Sunday, 1:55 pm in Life
School is over. Like, forever. Every time school is over (though not usually forever), I go through my cupboards and attempt to clean up stuff. I’m such a packrat, so this is often something that is easier said than done. Anyway, the current target of my wrath is the cupboard in my study, which is kind of used as the ‘junk cupboard’ and as such is just full of… well, crap including all of my school books from Year 8 (1997) onwards (don’t ask me where Year 7 went). I don’t really know why I’ve kept them this long; maybe I really, really did believe that one day I might desperatley need to look up something I ‘learnt’ in Year 8 Geology. Maybe I was keeping them as a kind of sociological record, and maybe it was for all the badart I drew in the margins.

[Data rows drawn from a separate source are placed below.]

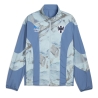CF Monterrey Veste Bleu Homme Puma x Kidsuper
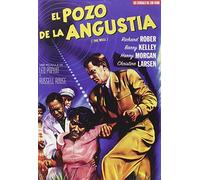 El Pozo de la Angustia (The Well)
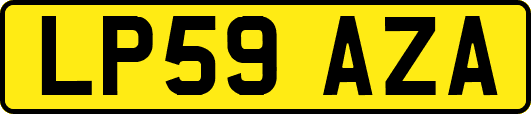 LP59AZA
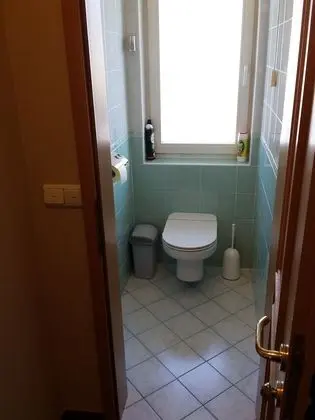 Economy Tek Kişilik Oda, 1 Yatak Odası, Ortak Banyo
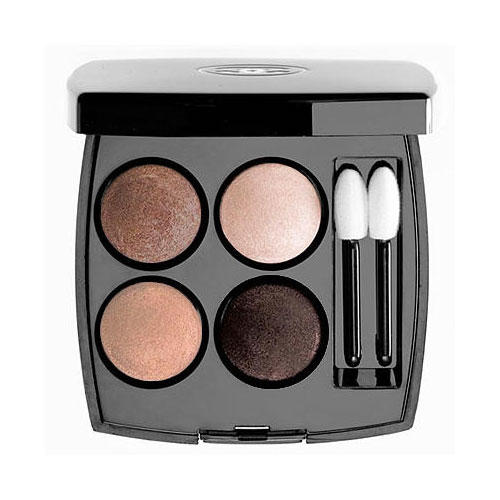 Chanel Les 4 Ombres Quadra Eyeshadow Tisse Rivoli 226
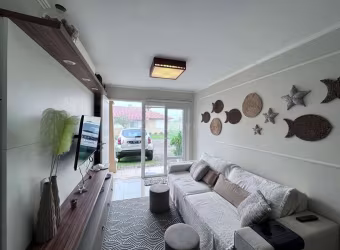Casa em condomínio fechado com 3 quartos à venda na Central, 1001, Noiva Do Mar, Xangri-Lá por R$ 790.000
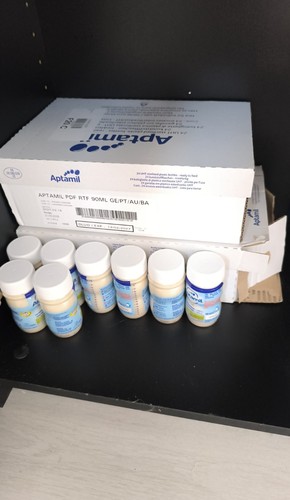Aptamil 90ml flaschen - 90ml,
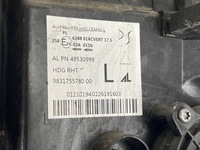 фото thumb №16, Citroen ds7 crossback 2020 левая сторона лампа передняя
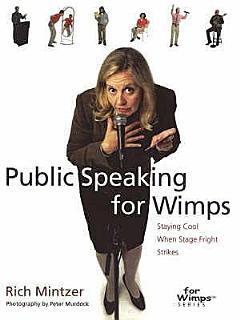 Public Speaking for Wimps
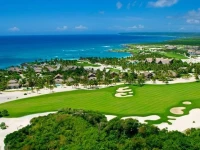 Eden Roc At Cap Cana 5*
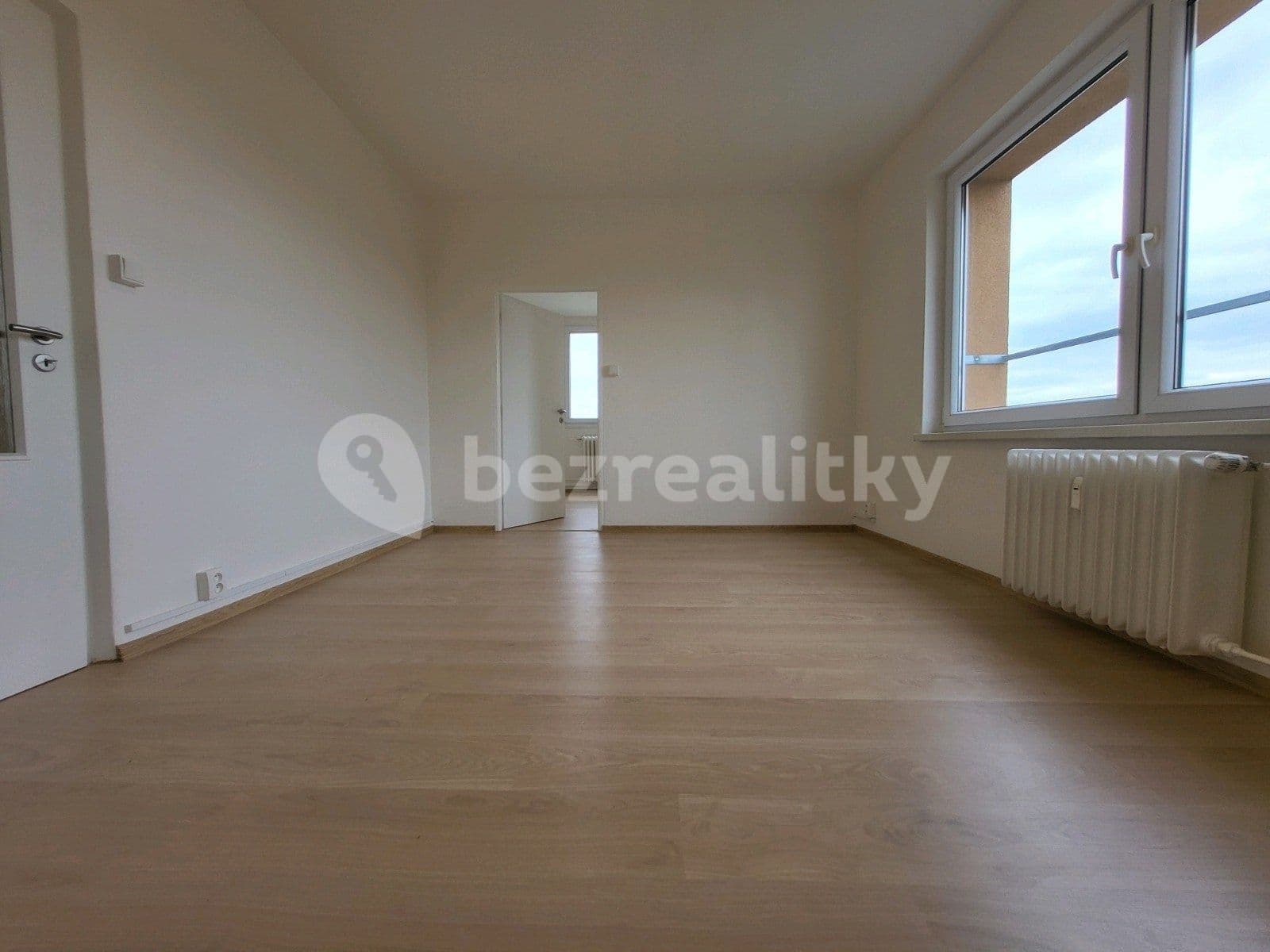 Prenájom bytu 3-izbový 55 m², Slovenská, Karviná, Moravskoslezský kraj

Somehwere along the line I must’ve decided that the latter was the reason, so I went out and bought myself a fancy scrapbook thing from that chain of uber-wanky stationery shops that’s popped up in Woden and Civic. After ~Mat [h] went home this morning, I spent a long time crosslegged on the floor going through Year 8, cutting out anything worth saving and tossing the rest of the bullshit in the bin. There was a lot of bullshit. I guess you kind of get into the mindset that when you were a kid you were just a little version of whomever you happen to be at the moment. Flicking back through old schoolbooks really brings the hard realisation that, at age 13, I really was… well, age 13. A whole bunch of things that seemed really cool and mature or funny at the time now just make me cringe, but again I suppose that’s just the whole thing about growing up. You grow up. I’m also amazed by both how prolific I was back then (I have a stack of exercise books that are just filled with character and setting information for NewEarth, the ‘universe’ that would eventually – very, very eventually – become Corner), and how it was both paradoxically very compelling and totally un-original. It was The Maxx meets The Crow meets Beetlejuice meets Zork Nemesis. Stuff that should never, ever see the light of day ever again (of course), and yet…
… and yet, I really knew how to build a world back then. Age thirteen and alone (this is ‘97 remember, and the Internet is still a hazy shadow) and unconstrained by being ‘original’ or ‘popular’ or worrying about self-insertion or The Ghost of Mary-Sue. So those books didn’t get thrown out. The really, really scary part, though, is reading the little snippets of fiction I wrote at the time. Oh, the dialogue is often cheezy and you can’t really say much about the characters – fresh as they are from the minds of a thirteen year old – but a lot of the writing is good. Unformed and lacking a bit of depth, but the potential is clearly there, and I can see
urbannordica under every penstroke.
I kinda wish I had dA back in those days.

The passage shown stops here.